Çipras'ın Ankara ziyareti sırasında verilen resmi yemeğe patrik Vartholomeos başta olmak üzere İstabul Rum azınlık temsilcilerinin davet edilmesi, yanısıra Türkiye'deki Yunanlı sporcuların davetli listesinde yer alması son derece anlamlıydı. Keşke Başbakan Çipras da Ankara'ya giderken sembolik olarak da olsa partisine mensup üç azınlık milletvekilinden en azından birini yanına alabilseydi.
Cumhurbaşkanı Recep Tayyip Erdoğan ile Başbakan Aleksis Çipras arasında yapılan görüşmenin iki buçuk saat gibi uzun bir süre sürdüğü açıklandı. İki liderin Türkiye ile Yunanistan arasındaki konuların tamamına yakınını ele aldığını tahmin etmek zor değil. Bu konuların arasında tabii ki iki azınlığın yaşadığı sorunlar da var. Yani Batı Trakya Müslüman Türk Azınlığı ile İstanbul Ortodoks Rum Azınlığın sorunları. Zaten görüşmelerden sonra gerçekleştirilen ortak basın toplantısında anavatan Türkiye Cumhurbaşkanı Recep Tayyip Erdoğan, görüşmede Batı Trakya'daki soydaşların sorunlarını aktardığını net bir şekilde söyledi. Hatta Heybeliada Ruhban Okulu konusunu ele aldıklarını belirterek, kendisinin de Batı Trakya'daki müftülük sorununun çözümünü gündeme getirdiğini dile getirdi.
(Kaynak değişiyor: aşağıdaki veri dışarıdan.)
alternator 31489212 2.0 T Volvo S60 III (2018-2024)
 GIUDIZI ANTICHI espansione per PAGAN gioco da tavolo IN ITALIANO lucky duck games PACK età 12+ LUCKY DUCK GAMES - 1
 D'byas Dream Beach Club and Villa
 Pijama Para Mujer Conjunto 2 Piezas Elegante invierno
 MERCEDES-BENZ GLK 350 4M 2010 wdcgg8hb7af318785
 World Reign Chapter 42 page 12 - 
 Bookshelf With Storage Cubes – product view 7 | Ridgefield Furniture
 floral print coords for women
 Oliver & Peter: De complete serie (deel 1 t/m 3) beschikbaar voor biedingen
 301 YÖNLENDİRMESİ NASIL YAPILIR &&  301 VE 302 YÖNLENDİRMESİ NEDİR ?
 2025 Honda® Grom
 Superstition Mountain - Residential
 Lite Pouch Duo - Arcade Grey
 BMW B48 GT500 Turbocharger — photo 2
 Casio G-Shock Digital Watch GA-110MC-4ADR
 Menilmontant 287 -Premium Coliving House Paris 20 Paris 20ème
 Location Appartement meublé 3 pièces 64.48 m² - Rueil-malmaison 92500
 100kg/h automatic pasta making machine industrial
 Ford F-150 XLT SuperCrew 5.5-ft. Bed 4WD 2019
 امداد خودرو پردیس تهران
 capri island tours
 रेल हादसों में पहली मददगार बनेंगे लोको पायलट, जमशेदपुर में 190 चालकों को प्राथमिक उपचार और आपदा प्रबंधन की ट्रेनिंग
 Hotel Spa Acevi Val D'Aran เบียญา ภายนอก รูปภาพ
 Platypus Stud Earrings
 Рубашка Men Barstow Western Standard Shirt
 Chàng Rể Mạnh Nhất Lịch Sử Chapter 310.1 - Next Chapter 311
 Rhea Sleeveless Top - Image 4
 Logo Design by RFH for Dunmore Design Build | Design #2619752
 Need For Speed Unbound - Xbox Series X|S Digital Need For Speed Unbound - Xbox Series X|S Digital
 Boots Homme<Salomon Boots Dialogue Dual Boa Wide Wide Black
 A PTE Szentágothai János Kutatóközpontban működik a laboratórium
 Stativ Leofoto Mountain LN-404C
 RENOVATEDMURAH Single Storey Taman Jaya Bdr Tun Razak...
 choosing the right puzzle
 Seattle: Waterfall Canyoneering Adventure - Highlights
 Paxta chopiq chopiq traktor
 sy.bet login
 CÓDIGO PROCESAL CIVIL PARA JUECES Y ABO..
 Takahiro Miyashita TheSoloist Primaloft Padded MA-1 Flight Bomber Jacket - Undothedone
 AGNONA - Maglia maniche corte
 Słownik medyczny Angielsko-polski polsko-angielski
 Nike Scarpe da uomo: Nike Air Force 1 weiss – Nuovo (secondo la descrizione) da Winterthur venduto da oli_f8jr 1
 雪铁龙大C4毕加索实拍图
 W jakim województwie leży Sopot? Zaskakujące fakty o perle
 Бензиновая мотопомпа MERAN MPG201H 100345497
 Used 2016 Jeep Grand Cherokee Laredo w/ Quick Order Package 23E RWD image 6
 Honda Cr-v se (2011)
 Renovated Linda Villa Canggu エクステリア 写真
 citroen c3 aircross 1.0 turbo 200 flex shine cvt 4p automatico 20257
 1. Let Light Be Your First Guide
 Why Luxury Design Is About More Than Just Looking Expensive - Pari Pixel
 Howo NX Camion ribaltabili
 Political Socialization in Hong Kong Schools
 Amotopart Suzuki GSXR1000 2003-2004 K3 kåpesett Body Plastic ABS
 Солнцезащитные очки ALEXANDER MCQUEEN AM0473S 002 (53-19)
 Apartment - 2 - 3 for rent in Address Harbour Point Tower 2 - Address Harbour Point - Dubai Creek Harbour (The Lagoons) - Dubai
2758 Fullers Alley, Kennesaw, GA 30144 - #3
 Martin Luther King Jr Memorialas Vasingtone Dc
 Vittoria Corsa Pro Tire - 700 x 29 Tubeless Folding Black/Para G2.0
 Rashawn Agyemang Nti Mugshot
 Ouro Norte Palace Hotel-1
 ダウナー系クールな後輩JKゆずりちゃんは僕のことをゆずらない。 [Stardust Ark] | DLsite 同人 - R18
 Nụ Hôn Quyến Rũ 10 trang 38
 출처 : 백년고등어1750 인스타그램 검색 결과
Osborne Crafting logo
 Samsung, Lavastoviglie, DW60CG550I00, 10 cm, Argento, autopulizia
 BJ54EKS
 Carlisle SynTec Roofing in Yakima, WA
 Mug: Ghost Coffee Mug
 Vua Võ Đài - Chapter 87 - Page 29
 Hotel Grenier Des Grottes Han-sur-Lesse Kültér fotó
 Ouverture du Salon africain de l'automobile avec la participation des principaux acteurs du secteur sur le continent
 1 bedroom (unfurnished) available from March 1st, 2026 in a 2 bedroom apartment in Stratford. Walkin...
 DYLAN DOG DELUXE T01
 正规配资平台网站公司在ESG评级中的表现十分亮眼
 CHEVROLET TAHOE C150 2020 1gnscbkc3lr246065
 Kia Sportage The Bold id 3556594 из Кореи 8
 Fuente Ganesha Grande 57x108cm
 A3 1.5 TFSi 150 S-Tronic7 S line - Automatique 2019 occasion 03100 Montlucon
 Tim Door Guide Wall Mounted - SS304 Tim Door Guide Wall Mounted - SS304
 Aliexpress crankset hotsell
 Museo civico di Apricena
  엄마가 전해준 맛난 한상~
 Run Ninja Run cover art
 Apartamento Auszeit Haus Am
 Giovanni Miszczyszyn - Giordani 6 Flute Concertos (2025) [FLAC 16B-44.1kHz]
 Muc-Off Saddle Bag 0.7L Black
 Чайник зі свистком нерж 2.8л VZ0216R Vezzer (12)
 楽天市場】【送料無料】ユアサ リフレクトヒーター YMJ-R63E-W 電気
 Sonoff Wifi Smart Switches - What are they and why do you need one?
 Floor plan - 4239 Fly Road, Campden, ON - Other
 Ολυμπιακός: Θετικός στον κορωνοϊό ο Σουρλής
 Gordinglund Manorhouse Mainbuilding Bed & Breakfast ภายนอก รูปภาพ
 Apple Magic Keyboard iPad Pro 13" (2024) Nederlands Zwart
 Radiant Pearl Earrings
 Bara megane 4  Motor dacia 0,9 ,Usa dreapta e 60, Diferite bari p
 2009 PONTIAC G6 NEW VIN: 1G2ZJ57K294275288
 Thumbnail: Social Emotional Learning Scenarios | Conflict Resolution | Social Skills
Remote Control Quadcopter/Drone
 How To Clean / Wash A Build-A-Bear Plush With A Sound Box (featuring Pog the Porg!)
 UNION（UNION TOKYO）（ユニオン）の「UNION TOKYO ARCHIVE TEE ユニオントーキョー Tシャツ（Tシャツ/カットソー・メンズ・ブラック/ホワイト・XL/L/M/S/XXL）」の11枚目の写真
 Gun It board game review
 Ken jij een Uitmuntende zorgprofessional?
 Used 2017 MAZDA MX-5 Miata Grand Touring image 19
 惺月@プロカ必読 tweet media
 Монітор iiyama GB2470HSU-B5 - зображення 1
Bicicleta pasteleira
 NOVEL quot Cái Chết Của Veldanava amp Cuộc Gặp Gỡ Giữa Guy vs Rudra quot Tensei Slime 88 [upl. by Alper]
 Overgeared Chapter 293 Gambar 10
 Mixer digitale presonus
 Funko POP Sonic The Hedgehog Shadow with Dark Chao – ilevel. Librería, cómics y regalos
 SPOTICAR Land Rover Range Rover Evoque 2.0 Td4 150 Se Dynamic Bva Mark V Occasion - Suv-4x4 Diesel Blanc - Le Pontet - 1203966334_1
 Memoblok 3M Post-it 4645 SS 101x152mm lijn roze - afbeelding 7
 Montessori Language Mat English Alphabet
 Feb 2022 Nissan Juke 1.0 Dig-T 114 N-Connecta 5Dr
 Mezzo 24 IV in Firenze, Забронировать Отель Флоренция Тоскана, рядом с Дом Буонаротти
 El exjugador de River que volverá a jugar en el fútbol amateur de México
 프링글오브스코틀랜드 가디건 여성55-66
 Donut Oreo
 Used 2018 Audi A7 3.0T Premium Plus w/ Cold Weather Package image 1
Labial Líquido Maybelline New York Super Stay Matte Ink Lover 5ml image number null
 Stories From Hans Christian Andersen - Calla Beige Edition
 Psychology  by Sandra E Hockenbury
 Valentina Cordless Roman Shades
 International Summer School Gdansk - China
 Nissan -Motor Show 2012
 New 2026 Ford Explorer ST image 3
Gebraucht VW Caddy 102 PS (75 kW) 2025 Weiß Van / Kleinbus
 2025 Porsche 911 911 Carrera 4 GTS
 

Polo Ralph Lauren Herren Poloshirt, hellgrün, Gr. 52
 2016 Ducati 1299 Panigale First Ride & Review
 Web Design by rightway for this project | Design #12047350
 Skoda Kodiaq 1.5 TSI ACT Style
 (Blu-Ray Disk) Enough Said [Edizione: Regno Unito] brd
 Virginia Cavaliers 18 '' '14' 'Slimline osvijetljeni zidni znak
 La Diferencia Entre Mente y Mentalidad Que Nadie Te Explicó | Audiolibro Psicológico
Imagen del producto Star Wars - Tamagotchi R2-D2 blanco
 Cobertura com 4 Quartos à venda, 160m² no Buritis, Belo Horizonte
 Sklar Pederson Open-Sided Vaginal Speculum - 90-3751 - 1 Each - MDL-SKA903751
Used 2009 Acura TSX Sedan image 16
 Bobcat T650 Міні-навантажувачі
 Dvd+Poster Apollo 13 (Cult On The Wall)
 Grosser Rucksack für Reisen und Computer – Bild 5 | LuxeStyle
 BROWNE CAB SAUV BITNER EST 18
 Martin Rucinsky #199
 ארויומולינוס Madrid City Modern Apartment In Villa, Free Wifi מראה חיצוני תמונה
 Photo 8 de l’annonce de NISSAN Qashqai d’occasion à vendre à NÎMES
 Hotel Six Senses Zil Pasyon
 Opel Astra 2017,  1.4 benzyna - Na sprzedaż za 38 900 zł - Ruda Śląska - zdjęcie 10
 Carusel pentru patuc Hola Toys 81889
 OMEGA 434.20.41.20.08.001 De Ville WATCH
Cumhurbaşkanı Erdoğan'ın "azınlıkları dostluk ve işbirliği köprüsü olarak görüyoruz" şeklindeki açıklaması da anlamlıydı.
Ancak, ülkemizin Başbakanı Çipras'in basın toplantısında görüştükleri konuları tek tek sıralarken Batı Trakya konusuna değinmemesi dikkat çekti. Bu noktada bazı konuları hatırlatmak isterim. Ülkemiz Yunanistan ne yazık ki siyasi bir iradeden yoksun. Nedir bu irade? Batı Trakya Türk Azınlığı'yla ilgili konuları Türkiye ile konuştuğunu söyleyemiyor. İstanbul'daki azınlıktan bahsederken "Yunan - Elen" azınlık derken, bizim için "Türk" azınlık ibaresini kullanmayı bırakın, Türkiye ile Batı Trakya'daki azınlığı ilgilendiren konuları konuştuğunu dile getirmek bile bir sorun. Yunanistan, iki ülke arasındaki meseleleri konuşuyor, İstanbul Rumlarını ilgilendiren sorunları masaya yatırıyor, bu konuyla alakalı talepleri dile getiriyor ancak Batı Trakya Türklerinin ilgilendiren konuları konuşmak istemiyor. Böyle bir konu başlığını "YOK" sayıyor. Yunanistan'ın bu politikası realiteden çok uzakta. Tam anlamıyla bir inkarcılık. Gerçekle bağını kaybetmiş bir yönetim şeklinin karakteristik özelliği. Son yıllarda Yunanistan'ın pek bir atıfta bulunduğu Lozan antlaşması bile Türkiye ile imzalandı. Batı Trakya Türk Azınlığı'nın bir hakkı olan "azınlık eğitimi"ni belirleyen anlaşma ve protokoller Türkiye ile imzalandı. "Tarihi ve coğrafi gerçekleri reddediyorum" deseniz bile hukuki anlamda imzalanan anlaşma ve sözleşmeler mevcut. Dolayısıyla; azınlık konusu benim iç meselem, kimseyle konuşmam demek gerçekçi bir yaklaşımdan çok ama çok uzakta. Bu gibi fobileri beslemenin Yunanistan'a bir faydasının olmayacağı çok açık.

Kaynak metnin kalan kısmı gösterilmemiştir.